When a full history of changes is too much: implementing abstraction for Point-In-Time (PIT) and Dimension tables
When changes are just too many
When you construct a Point-In-Time (PIT) table or Dimension from your Data Vault model, do you sometimes find yourself in the situation where there are too many change records present? This is because, in the standard Data Vault design, tiny variations when loading data may result in the creation of very small time slices when the various historised data sets (e.g. Satellites) are combined.
There is such a thing as too much information, and this post explains ways to remediate this by applying various ‘time condensing’ mechanism. Applying these techniques can have a significant impact on the performance and ease-of-maintenance for PIT and Dimension tables, and is worth looking into.
This post builds on some of the concepts that were covered in earlier posts. Please have a look at the following follow fundamental concepts first, or alternatively meet me at the Data Vault Implementation training at http://www.datavault.de to discuss in person :-). The main relevant concepts are:
- When is a change a change? This post outlines the concepts and effects of row condensing, and why these types of additional checks are needed to avoid record sets with (potentially) many redundant rows.
- Row condensing for Satellites. This posts explains how row condensing works in its most elaborate form.
- Creation of Point-In-Time (PIT) tables. This posts covers the merging of multiple time-variant (historised) data sets to create a full view of history.
When new data is loaded as part of a Data Vault architecture, every record is time-stamped upon entry with the ‘Load Date/Time Stamp‘ (LDTS). This approach ensure a consistent way of ‘effective dating’ data in a way that is fully within the control of the Data Warehouse environment (e.g. cannot be impacted by how OLTP systems behave).
By using this Load Date/Time Stamp as effective date in the Data Vault model, you contribute significantly to ensuring the ‘back-room’ of the Data Warehouse / ETL ‘just works’ so you can concentrate on the ‘front-room’ where most of the business logic is applied.
The very reason that the Load Date/Time Stamp is the effective date in Satellites means that the time when the interface picks up new changes from the source systems is relevant.
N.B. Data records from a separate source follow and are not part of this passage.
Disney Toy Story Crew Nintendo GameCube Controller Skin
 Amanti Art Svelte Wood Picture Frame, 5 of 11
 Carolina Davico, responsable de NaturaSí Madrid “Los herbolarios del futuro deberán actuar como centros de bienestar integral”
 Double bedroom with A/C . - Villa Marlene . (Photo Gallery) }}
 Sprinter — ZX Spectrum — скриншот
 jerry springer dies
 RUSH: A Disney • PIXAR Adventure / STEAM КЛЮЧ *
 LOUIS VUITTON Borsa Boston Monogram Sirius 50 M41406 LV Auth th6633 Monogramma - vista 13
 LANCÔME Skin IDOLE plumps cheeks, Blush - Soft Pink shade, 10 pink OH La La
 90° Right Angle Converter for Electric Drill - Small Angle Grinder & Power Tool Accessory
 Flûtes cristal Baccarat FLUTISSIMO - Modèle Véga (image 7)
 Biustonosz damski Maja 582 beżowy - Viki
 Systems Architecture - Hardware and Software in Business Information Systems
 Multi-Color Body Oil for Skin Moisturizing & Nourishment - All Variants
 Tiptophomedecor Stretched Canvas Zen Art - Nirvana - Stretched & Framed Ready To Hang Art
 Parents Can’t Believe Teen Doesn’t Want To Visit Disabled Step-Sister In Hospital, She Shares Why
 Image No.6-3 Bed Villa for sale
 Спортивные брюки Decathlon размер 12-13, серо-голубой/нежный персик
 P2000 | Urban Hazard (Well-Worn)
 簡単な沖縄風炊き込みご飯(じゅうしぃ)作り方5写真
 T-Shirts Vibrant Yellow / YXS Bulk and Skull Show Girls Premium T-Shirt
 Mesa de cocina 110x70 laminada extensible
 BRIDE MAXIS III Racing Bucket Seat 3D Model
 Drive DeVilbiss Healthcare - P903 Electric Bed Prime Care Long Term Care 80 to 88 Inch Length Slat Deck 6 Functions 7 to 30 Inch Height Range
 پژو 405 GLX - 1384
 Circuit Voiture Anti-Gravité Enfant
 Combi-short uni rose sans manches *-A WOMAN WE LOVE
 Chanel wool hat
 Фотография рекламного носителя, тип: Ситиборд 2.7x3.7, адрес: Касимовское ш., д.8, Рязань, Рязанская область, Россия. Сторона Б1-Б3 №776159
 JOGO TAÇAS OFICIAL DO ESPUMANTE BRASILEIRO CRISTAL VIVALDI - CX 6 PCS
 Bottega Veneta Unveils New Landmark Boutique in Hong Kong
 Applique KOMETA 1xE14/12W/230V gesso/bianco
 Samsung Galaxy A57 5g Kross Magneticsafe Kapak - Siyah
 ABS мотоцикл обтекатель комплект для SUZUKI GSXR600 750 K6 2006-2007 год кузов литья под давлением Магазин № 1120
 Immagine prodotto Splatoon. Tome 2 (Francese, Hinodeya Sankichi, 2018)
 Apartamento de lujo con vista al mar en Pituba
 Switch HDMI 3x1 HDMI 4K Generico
In other words, the order in which interfaces are received. This should not be confused with the implementation of parallelism and independent loading, as it is still perfectly possible to absorb data in any order of loading. The initial point I want to make is that even though data can be received and processed in a different order (e.g. independent), there are still effects to be aware of in terms of ETL behaviour.
Side effects of independent loading patterns
For instance if you receive a transaction for a purchase (unoriginally called ‘Purchase Transaction’ here) that includes a customer identifier (Customer ID) and some transaction information, you will be able to fully load this information even for the relationship to the Customer. This is because the Customer ID will generate a new Hub record (assuming this is the Business Key and the specific Customer ID didn’t yet exist) even though nothing else is known about the customer. If, a bit later, the Customer Details become available the same Customer ID will be presented to the Hub. But in this case no new key is created since the key already is present, it was delivered by the Purchase Transaction data. The additional context data such as for instance Name, Date of Birth etc. will be loaded to a Satellite as normal. The end result is that a transaction is created and linked to a customer (key) which has certain context attributes.
When the files are received the other way around the end result in terms of available data is the same. That is, the Customer key is created, the context attributes are available for that key and relationships to transactions would have been created. However, in this scenario the Customer Details will be the first to present the Customer ID and will trigger the creation of the Hub record (and the Satellite will be loaded as per usual again). When the Purchase Transaction is presented to the Data Warehouse, it will detect that the Customer ID is already present and will not create a new Hub record. This is BAU for the Data Warehouse, but the point I’m trying to make is that the Load Date/Time Stamps will be different. And this has an impact when you combine the tables into a single time-variant data set as is the case with a PIT or Dimension.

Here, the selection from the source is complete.